La chute de Louis-Philippe en février 1848 permet au prétendant impérial, Louis-Napoléon Bonaparte, de retourner en France. Pressentant que son heure n’est pas encore arrivée, il repart en Angleterre et refuse de se présenter aux élections à l’Assemblée constituante d’avril. C’est un de ses proches, Persigny, qui décide malgré tout de poser sa candidature aux élections partielles de juin. Louis-Napoléon Bonaparte est aussitôt élu dans quatre départements. Encore en Angleterre lors des journées sanglantes de juin, il estime qu’il est temps pour lui de rentrer. En septembre, de nouvelles élections partielles lui permettent d’être élu par cinq autres départements. Le 26 septembre, il siège à l’Assemblée pour la première fois ; l’homme fait une impression insignifiante.

Le premier président de la République

En cet automne 1848, l’Assemblée met en place la constitution de la République et règle la question de la nature du pouvoir exécutif. On opte finalement pour un président de la République, élu au suffrage universel pour un mandant de quatre ans, non reconductible. Dès le 26 octobre, la loi de proscription des Bonaparte étant abolie, Louis-Napoléon annonce sa candidature à la présidence de la République. Après une campagne habile, propre à séduire aussi bien à gauche qu’à droite, il rassemble sur son nom les mécontents de tous bords.

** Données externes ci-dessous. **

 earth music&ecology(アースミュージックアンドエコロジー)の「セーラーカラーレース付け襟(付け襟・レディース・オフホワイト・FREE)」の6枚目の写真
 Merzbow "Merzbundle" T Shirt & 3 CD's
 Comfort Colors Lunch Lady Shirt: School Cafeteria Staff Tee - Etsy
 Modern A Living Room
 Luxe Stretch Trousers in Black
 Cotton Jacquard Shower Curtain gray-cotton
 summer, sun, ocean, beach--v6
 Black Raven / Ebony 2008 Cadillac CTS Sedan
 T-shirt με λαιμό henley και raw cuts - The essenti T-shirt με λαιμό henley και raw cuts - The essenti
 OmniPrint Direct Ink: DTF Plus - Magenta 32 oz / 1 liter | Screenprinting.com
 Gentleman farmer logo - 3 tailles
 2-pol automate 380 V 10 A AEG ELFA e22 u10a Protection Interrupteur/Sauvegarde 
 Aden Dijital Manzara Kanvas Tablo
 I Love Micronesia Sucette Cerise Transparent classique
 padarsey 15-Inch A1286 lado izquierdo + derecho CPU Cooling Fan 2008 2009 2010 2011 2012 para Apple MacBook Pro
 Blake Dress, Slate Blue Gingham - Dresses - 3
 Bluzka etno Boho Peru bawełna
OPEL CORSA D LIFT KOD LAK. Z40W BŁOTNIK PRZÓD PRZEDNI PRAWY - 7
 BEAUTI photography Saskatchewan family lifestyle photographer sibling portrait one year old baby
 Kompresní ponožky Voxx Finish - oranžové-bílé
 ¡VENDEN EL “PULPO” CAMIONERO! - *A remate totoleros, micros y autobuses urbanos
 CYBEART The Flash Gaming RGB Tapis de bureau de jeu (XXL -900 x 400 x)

La victoire est triomphale, le 10 décembre 1848, Louis-Napoléon Bonaparte recueille plus de 74% des suffrages.

La présidence de Louis-Napoléon Bonaparte s’avère délicate : obligé de gouverner avec le parti de l’ordre qui lui avait apporté son soutien, il se trouve en perpétuelle opposition avec les députés de l’Assemblée nationale. Durant l’automne 1850, le bras de fer avec la majorité monarchiste se durcit. En 1851, le prince-président envisage une réforme de la constitution visant à le rendre rééligible. Pour sonder l’opinion, il organise des tournées en province. Les deux tiers des conseils généraux se rallient à sa cause, mais les orléanistes s’allient à la fraction ouverte de gauche pour le contrer. Aussi, le 19 juillet 1851, l’Assemblée refuse en bloc la réforme constitutionnelle et, en même temps, supprime le suffrage universel. Les classes populaires ne se reconnaissent plus dans le régime. Dès lors, le coup d’Etat devient inévitable.

Le coup d’Etat

Pour préparer le coup d’État, Louis-Napoléon s’entoure d’une équipe dirigée par son demi-frère, Morny, fin stratège auquel il confie le ministère de l’Intérieur. Le général de Saint-Arnaud, de retour de l’armée d’Afrique, est nommé ministre de la Guerre et Emile de Maupas, ancien préfet, prend la tête de la préfecture de police de Paris. D’autres proches sont placés à des postes clés comme le général Magnan, nommé commandant des troupes de Paris. Cette équipe réduite choisit finalement, après plusieurs reports, de passer à l’action dans la nuit du 1er au 2 décembre 1851, plaçant ainsi le coup d’Etat dans la filiation du sacre de Napoléon Ier et de la victoire d’Austerlitz.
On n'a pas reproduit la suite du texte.